Conforme mostrado pelo Jornal Opção no último dia 18, o Facebook anunciou o lançamento da chamada “Libra”, uma criptomoeda própria da empresa, além da “Calibra”, uma subsidiária do Facebook. Os lançamentos confirmam a entrada da marca de Zuckberg no mundo das finanças.

Em suma a proposta da moeda digital é oferecer aos usuários a possibilidade de economizar, transferir ou gastar dinheiro com a mesma simplicidade do envio de uma mensagem de texto. Segundo a empresa a proposta é competir com bancos e reduzir custos de consumidores.

Com mais de 2 bilhões de perfis no mundo, o Facebook também quer que seu sistema de pagamentos com moeda digital sirva para usuários que também não tenham conta bancária. Ainda segundo o Facebook, a carteira digital permitirá o envio de criptomoedas por meio do smartphone, através das plataformas do grupo.

“Com o tempo, também esperamos oferecer serviços adicionais para pessoas e empresas, como pagar contas apenas apertando um botão, comprar uma xícara de café escaneando um código, ou usar transporte público sem a necessidade de carregar dinheiro ou um cartão de transporte”, informa um comunicado oficial.

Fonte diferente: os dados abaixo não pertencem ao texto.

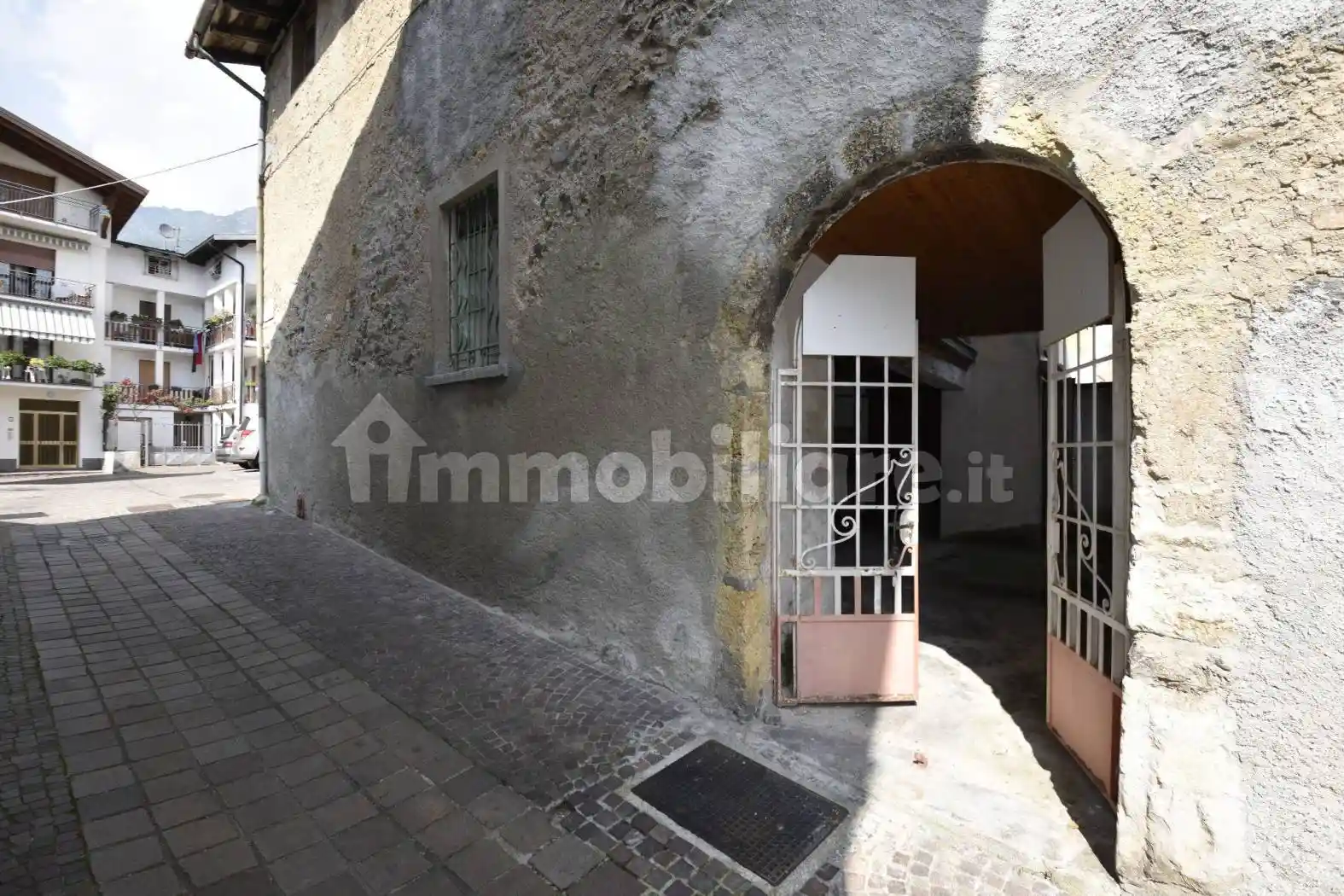 Casa indipendente in vendita a Cremeno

Após o encontro no Senado Federal, Cardoso considerou, em entrevista, a reunião proveitosa para que as dúvidas relacionadas a essa nova tendência do mercado investidor pudessem ser esclarecidas. “A audiência foi requerida pelos senadores Flavio Arns (REDE-PR) e Styvenson Valentin (Podemos-RN) e se estendeu por cerca de três horas. O encontro foi extremamente oportuno, haja vista que os especialistas puderam nos explicar a segurança desse mercado”. 

Além do presidente da CCT e dos demais senadores autores da proposta, participaram também dos debates a presidente da Associação Brasileira de Criptoeconomia, Natália Garcia; o representante da Receita Federal, Rafael Santiago Lima e o presidente da Associação Brasileira de Criptomoedas e Blockchain, Fernando de Magalhães Furlan. A população pode participar por meio do portal e-cidadania do Senado Federal.